先々の事を考えればユーシャの機嫌を損ねん事も重要だ。私にとってはあの子が何より大切なのだ。それだけはこの先も変わりはせん。
「そうかい。良いと思うぜ。それはそれで。義理堅いってのは大将の美徳だもんな」
「なんだか含みでもありそうな物言いだな」
「いやなに。改めて惚れ込んだってだけのことよ」
「いい加減諦めろ」
いや、違うな。こやつが言っているのはそういう話しでは無いよな。回りくどいな。
「礼をせねばならんな。騎士団長を顎で使って何も無しでは、パティが次期国王に内定して調子に乗っているように映るかもしれんからな。それに折角お褒め頂いたばかりだ。ここで義理堅さを示さねば恥をかくのは私の方だろう。しかし困ったものだ。いったいどのようにして我々は報いれば良いのだろうか」
「はは♪ わざとらしいな♪」
「言うな。慣れておらんのだ」
「気をつけな。大将は魑魅魍魎渦巻く貴族社会に踏み込んでんだ。何時までも平民の感覚でいたら取り込まれちまうぞ」
「うむ。忠告感謝する」
「精々上乗せしといてくんな♪」
いかんな。これ以上積み重なる前にそろそろ何か返しておくべきだな。ベルトラン相手とは言え、何時までも友達付き合いだけに甘えてはおれんのだろうな。

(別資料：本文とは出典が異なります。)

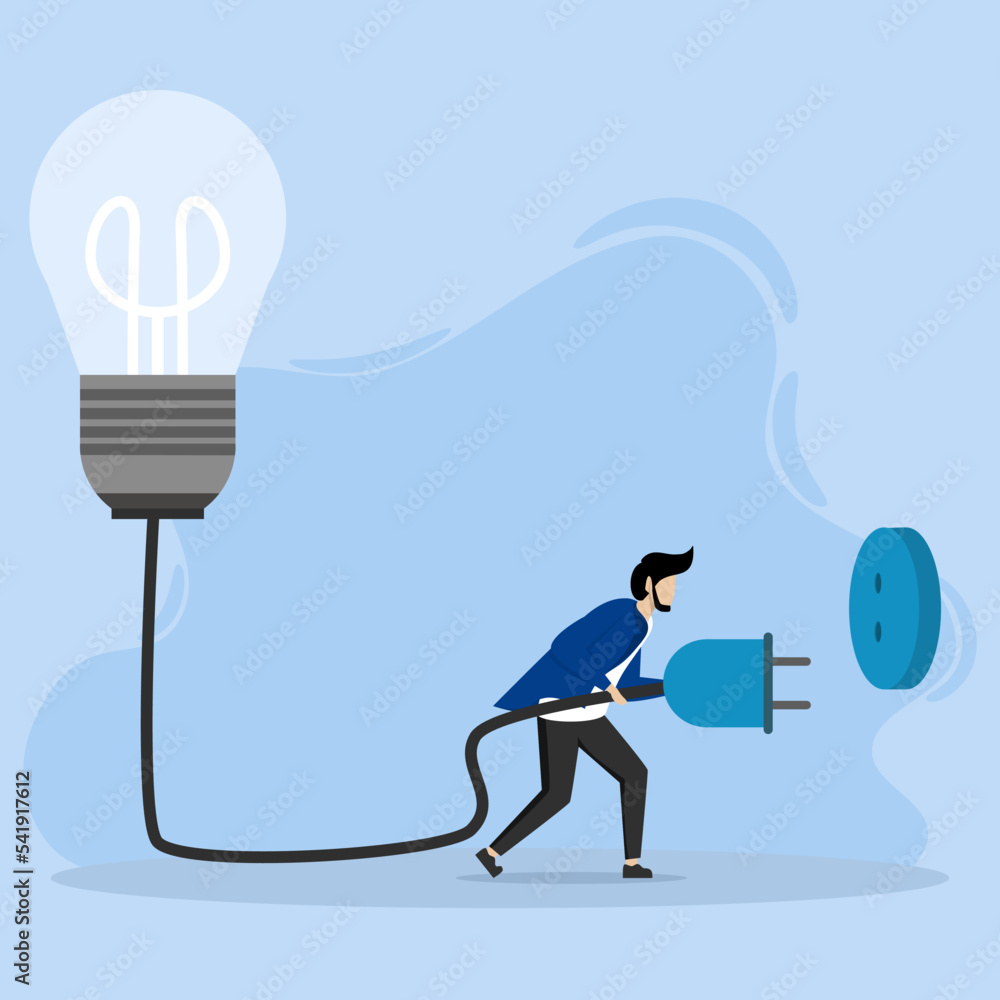 Aufkleber spark ideas for business processes and solutions. leadership that faces problems to find solutions f
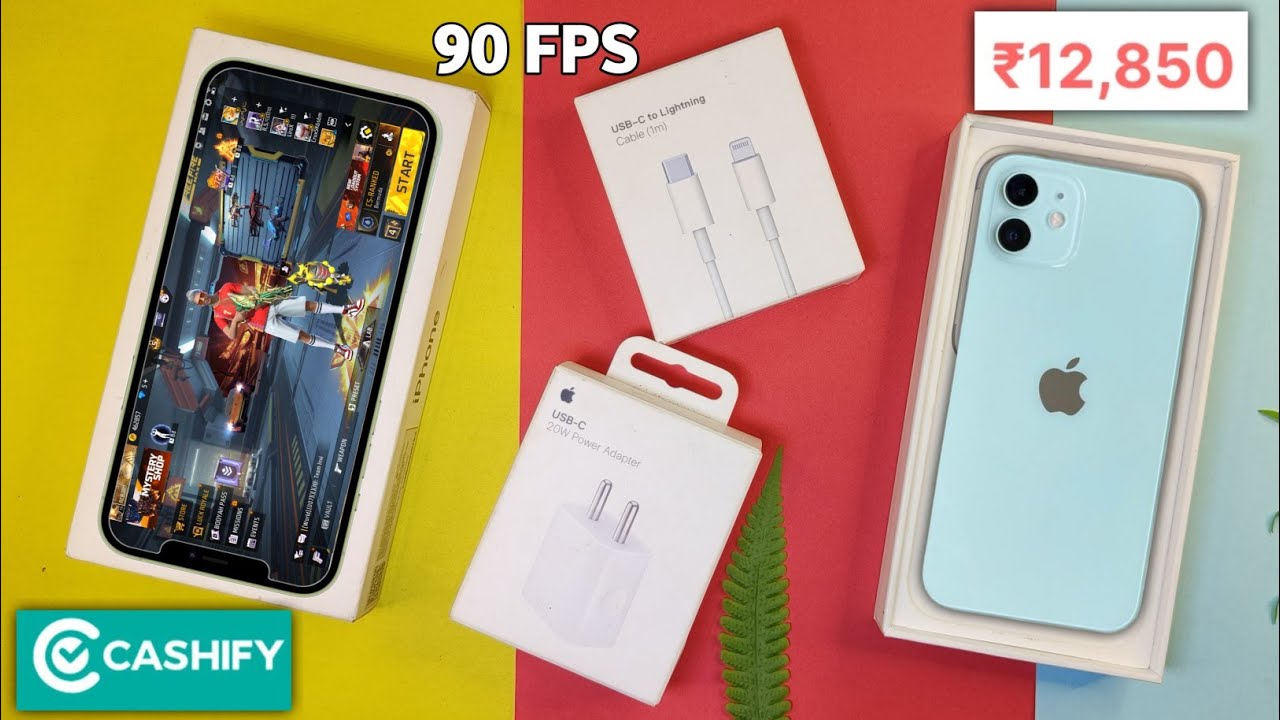 iphone 12 unboxing from cashify // iphone 12 unboxing gaming review // iphone 12 free fire gameplay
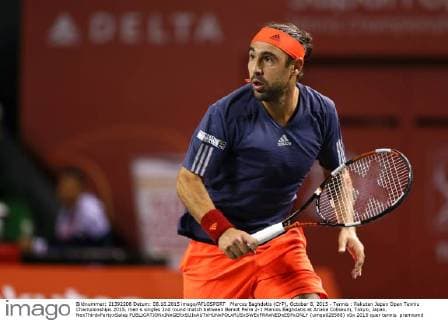 Marcos Baghdatis (CYP), October 8, 2015 - Tennis : Rakuten Japan Open Tennis Championships 2015, men s singles 2nd round match between Benoit Paire 2-1 Marcos Baghdatis at Ariake Coliseum, Tokyo, Japan. NoxThirdxPartyxSales  (umqa028588)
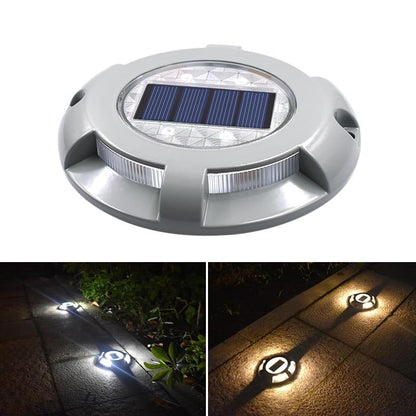 Lampe de sol solaire Goujon de Route Alu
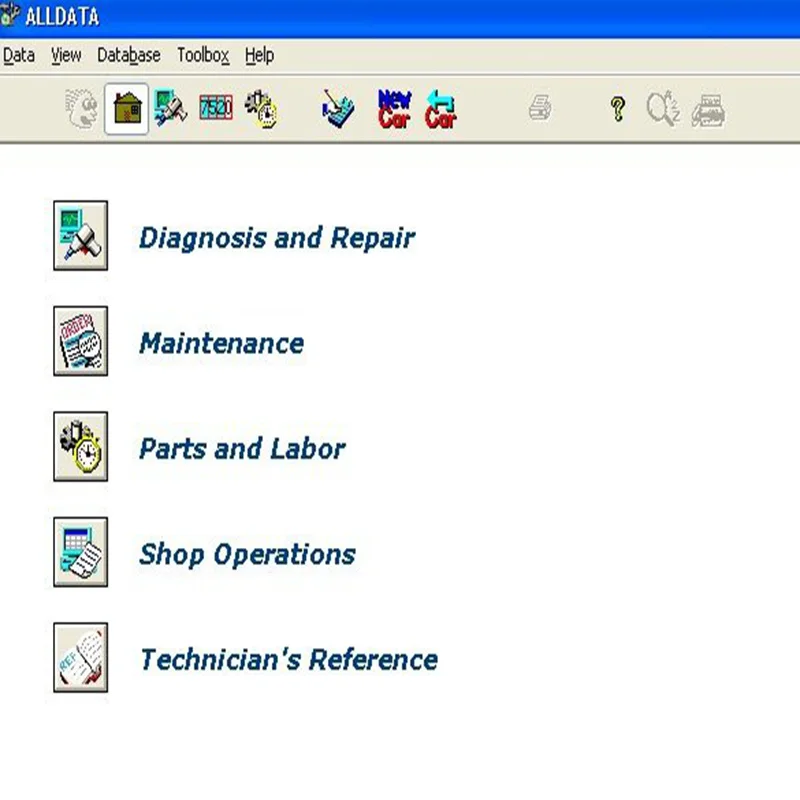 Alldata Atsg Installed Version 10.53 Auto Repair Software Hdd 1tb All Data 3in1 in Laptop Toughbook CF30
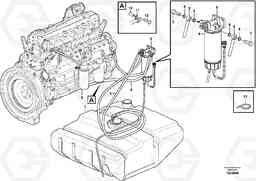 10739 Fuel pipes L110F, Volvo Construction Equipment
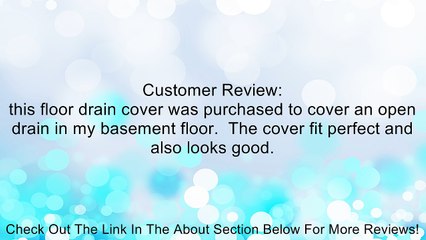 6" Dia 14 Holes Round Stainless Steel Floor Drain Cover Silver Tone Review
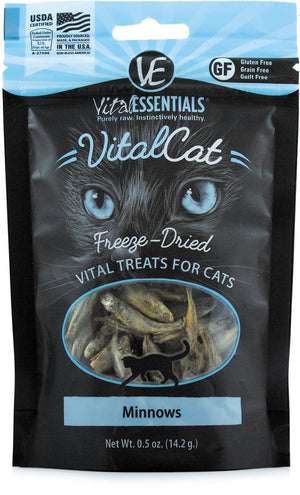 Vital Essentials Vital Cat Treats Minnows Freeze-Dried Cat Treats, 0.5-oz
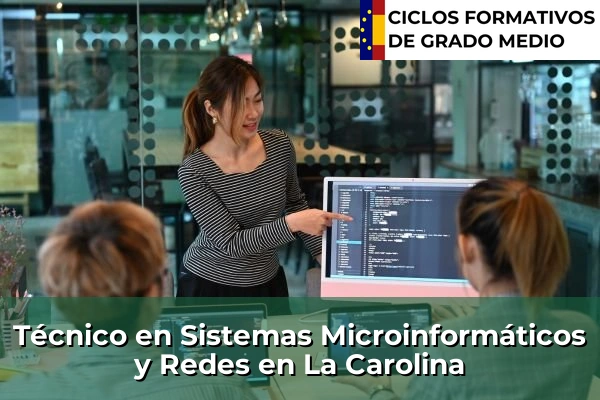Técnico en Sistemas Microinformáticos y Redes en Andalucía 177 Técnico en Sistemas Microinformáticos y Redes en La Carolina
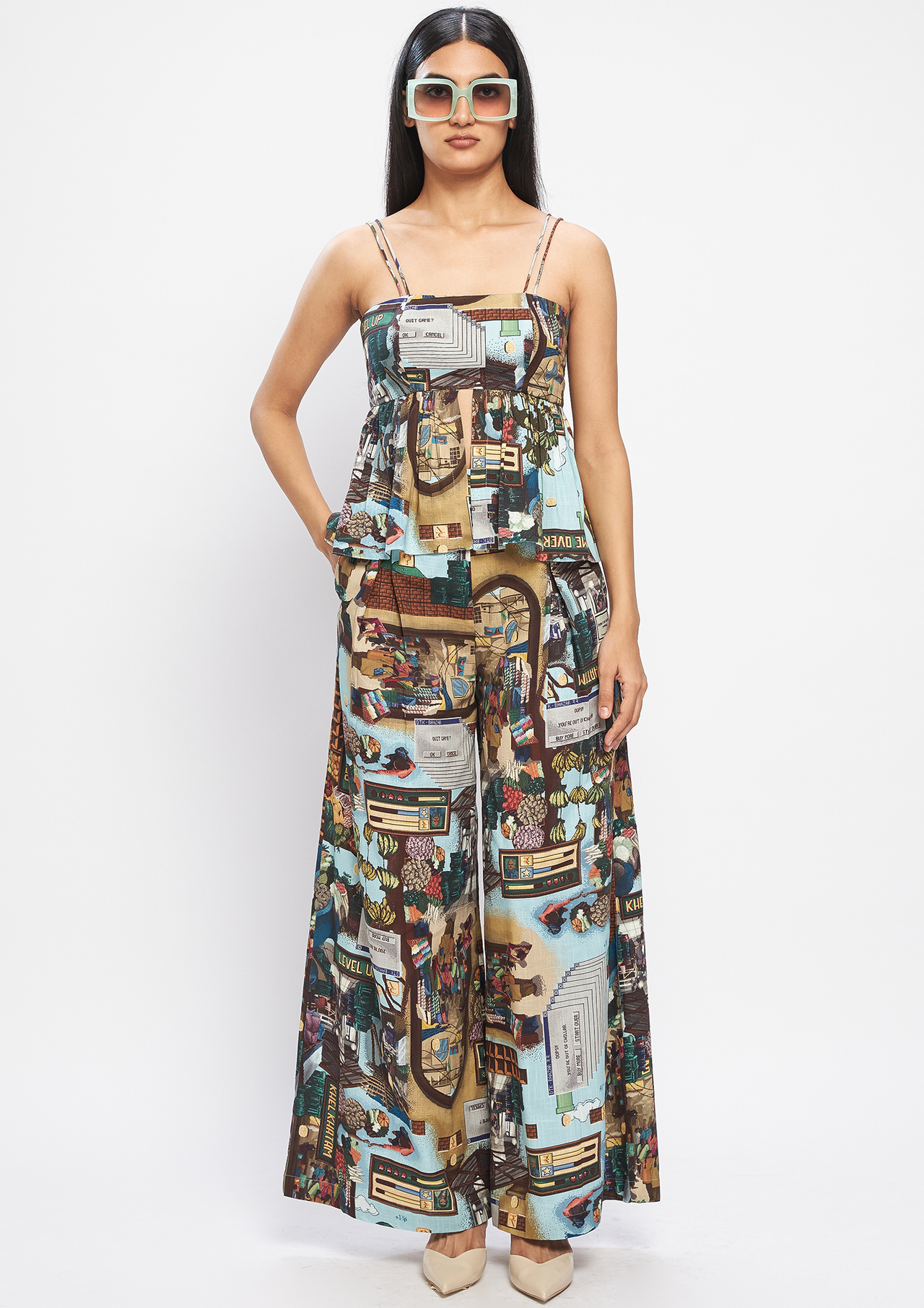 Pixelmati Pleated Pants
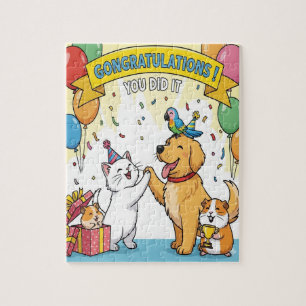 Puzzle Mascotas felices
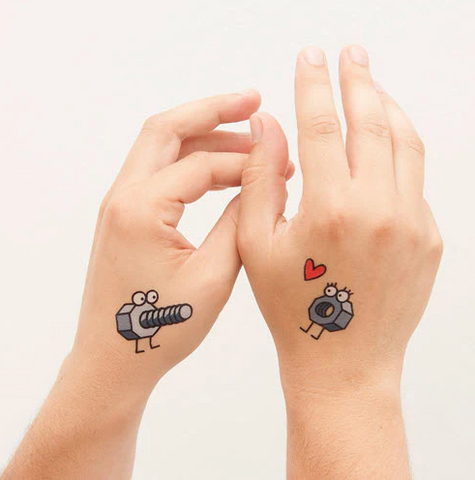 27 Quirky Couple Tattoo Ideas • Tattoodo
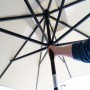 Madison Sombrilla de jardín Elba gris 300 cm by , Umbrellas - Ref: Foro24-447155, Price: 116,01 €, Discount: %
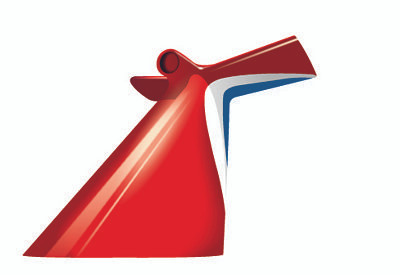 Carnival Funnel Logo Sticker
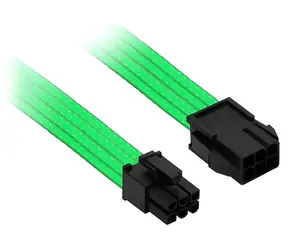 Nanoxia NX6PV3ENG neongrün / Verlängerungskabel / PCI-E 6-Pin / 30 cm / gerader Stecker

「まあ色々言ったが、これまでの分は気にすんな。妹達を幸せにしてくれんならそれでチャラだ」
「その約束は必ず果たしてみせよう」
「期待してるぜ」
覚悟を決めよう。皆を集めて話をしよう。ギルドだけに意識を向けるのではなく、国中から注目されているのだと改めて自覚しよう。その上で私達の立ち位置を明確にしよう。
第十八王女一派として。
クラン【マギア・グラティア】として。
妖精王とその花嫁達として。
そのどれを選び取るのか。全てを内包するのか。或いはどれでもないのか。周囲の者達に好き勝手定義させる事じゃない。これは私達が決めるべき事だ。自らの口で主張しよう。私達から発信していこう。私達の存在を知らしめよう。都合の良いお嬢様クラブではなく、一個の武闘派集団として周知しよう。ギルドの件と同じだ。舐められっぱなしではダメなのだ。さりとて必要以上に警戒され続けるのも困りものだ。良き隣人を目指すとしよう。大いなる力に相応しい大いなる責任を果たすとしよう。